TASK GOAL: Your job is to give again, exactly and with no additions, the lines in the records below from the one with "Hi, my name" through the one with "I'm Ben Lewis", both included. Omit the pictures.

EXTRACTED INFORMATION:
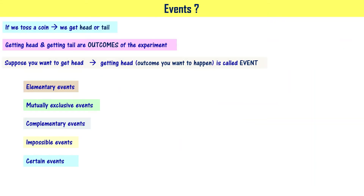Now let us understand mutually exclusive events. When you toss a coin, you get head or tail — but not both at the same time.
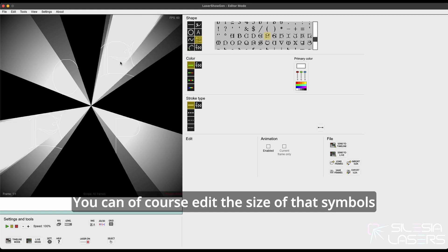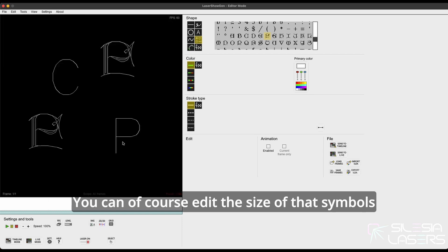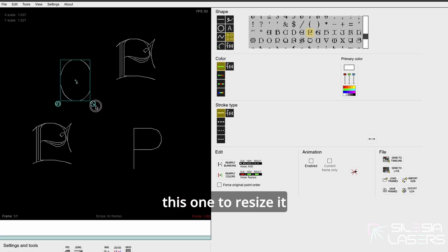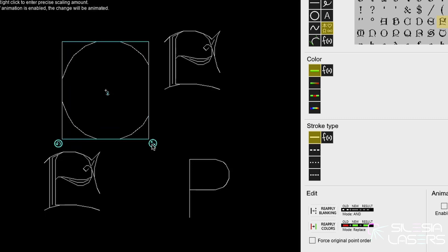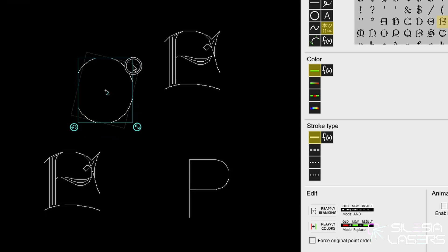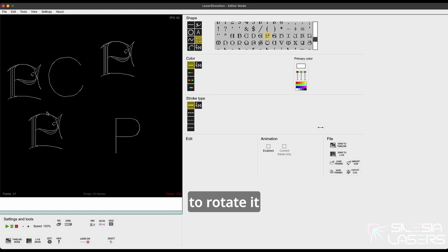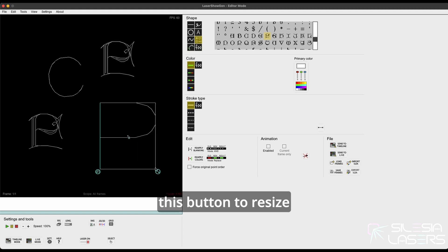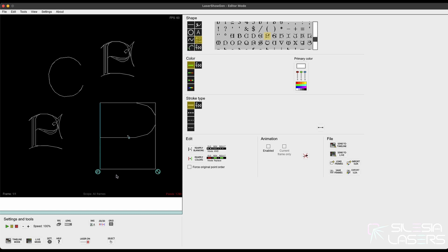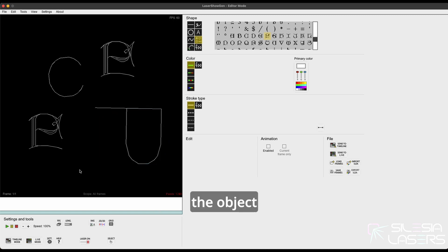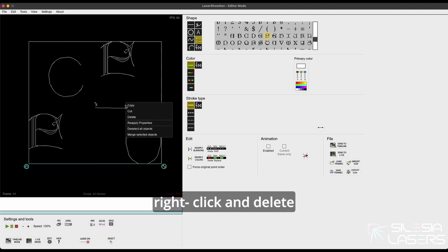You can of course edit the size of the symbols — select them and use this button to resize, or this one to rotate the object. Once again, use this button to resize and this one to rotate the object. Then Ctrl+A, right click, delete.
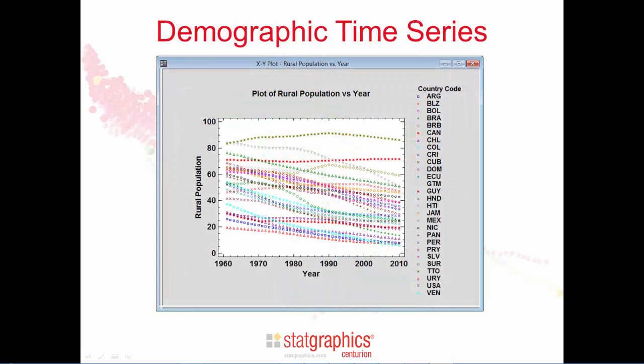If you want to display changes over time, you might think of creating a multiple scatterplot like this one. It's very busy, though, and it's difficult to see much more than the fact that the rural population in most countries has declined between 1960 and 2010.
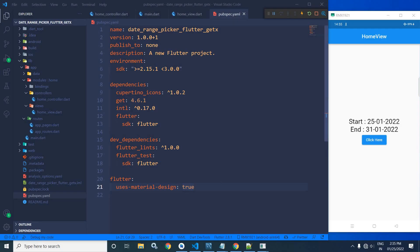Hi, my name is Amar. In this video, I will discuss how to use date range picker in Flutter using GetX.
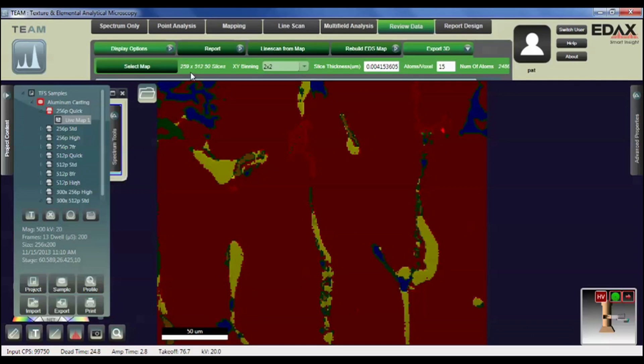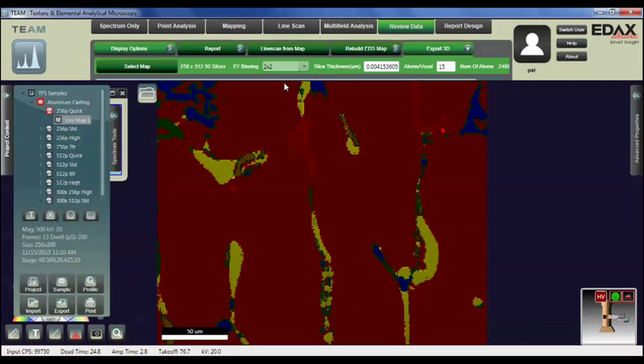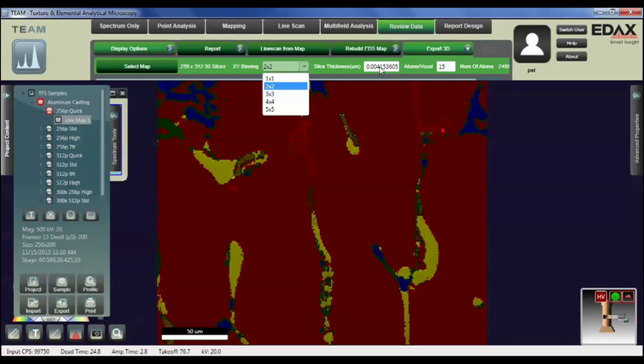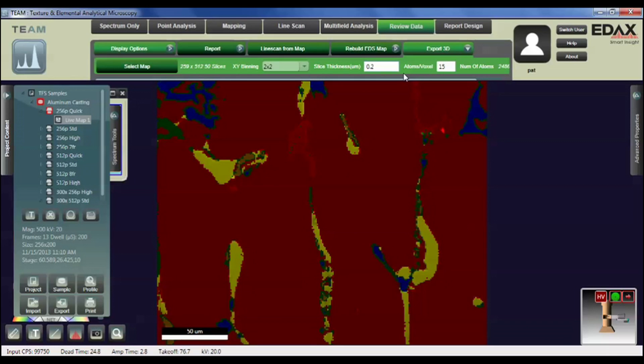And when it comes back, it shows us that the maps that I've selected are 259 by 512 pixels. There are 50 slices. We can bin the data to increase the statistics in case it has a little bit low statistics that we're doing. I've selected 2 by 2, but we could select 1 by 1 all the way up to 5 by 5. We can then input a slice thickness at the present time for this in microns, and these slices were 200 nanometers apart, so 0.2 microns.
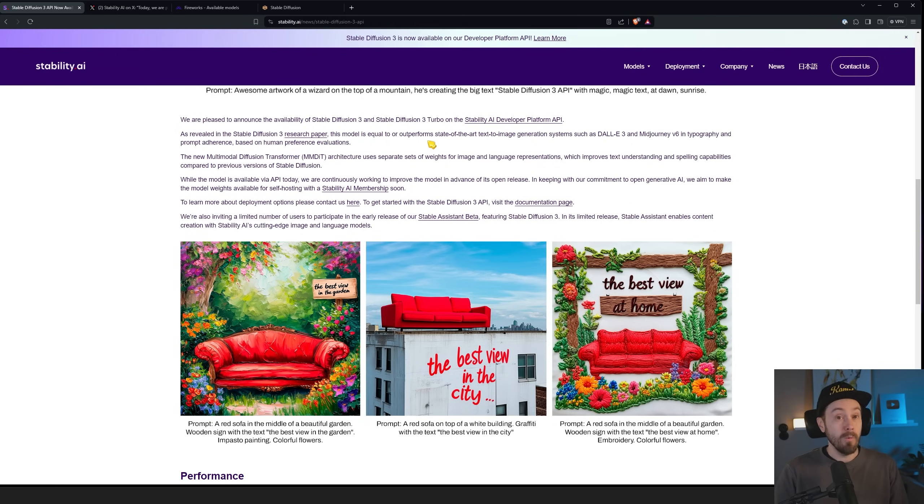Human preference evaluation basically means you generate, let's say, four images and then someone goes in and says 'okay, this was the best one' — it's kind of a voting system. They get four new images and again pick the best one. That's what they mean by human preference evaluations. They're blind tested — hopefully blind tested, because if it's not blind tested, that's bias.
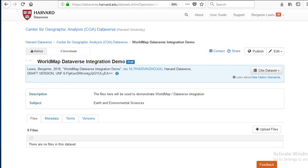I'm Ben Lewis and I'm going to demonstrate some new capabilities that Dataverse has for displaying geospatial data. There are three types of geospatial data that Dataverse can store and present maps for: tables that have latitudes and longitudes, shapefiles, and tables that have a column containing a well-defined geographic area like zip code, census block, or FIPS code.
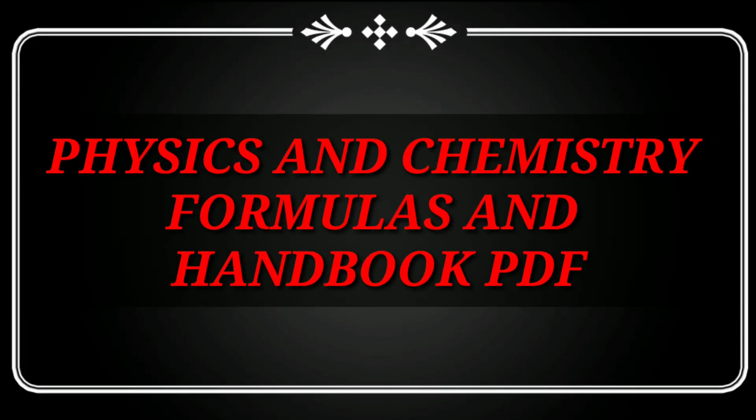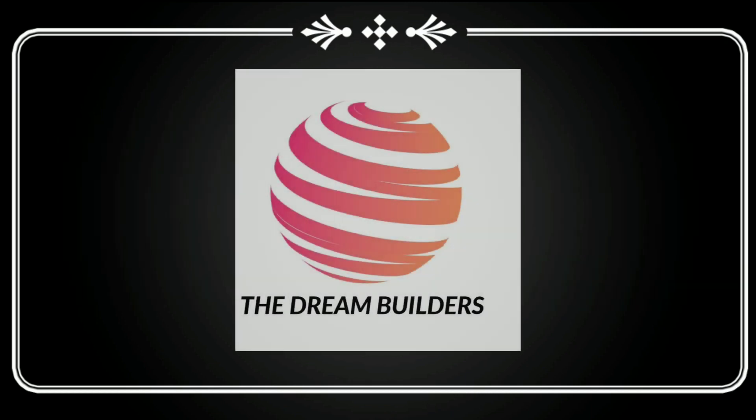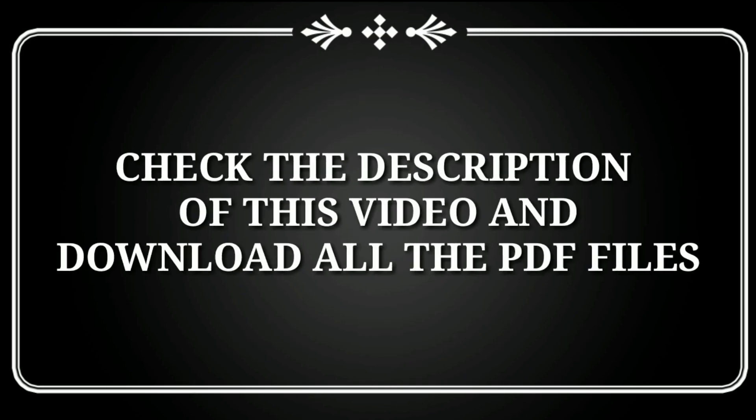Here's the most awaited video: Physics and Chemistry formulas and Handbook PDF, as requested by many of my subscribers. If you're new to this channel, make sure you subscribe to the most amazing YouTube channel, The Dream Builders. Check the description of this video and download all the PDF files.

TASK RESPONSE:
Hi, my name is Amar. In this video, I will discuss how to use date range picker in Flutter using GetX.
And when it comes back, it shows us that the maps that I've selected are 259 by 512 pixels. There are 50 slices. We can bin the data to increase the statistics in case it has a little bit low statistics that we're doing. I've selected 2 by 2, but we could select 1 by 1 all the way up to 5 by 5. We can then input a slice thickness at the present time for this in microns, and these slices were 200 nanometers apart, so 0.2 microns.
Human preference evaluation basically means you generate, let's say, four images and then someone goes in and says 'okay, this was the best one' — it's kind of a voting system. They get four new images and again pick the best one. That's what they mean by human preference evaluations. They're blind tested — hopefully blind tested, because if it's not blind tested, that's bias.
I'm Ben Lewis and I'm going to demonstrate some new capabilities that Dataverse has for displaying geospatial data. There are three types of geospatial data that Dataverse can store and present maps for: tables that have latitudes and longitudes, shapefiles, and tables that have a column containing a well-defined geographic area like zip code, census block, or FIPS code.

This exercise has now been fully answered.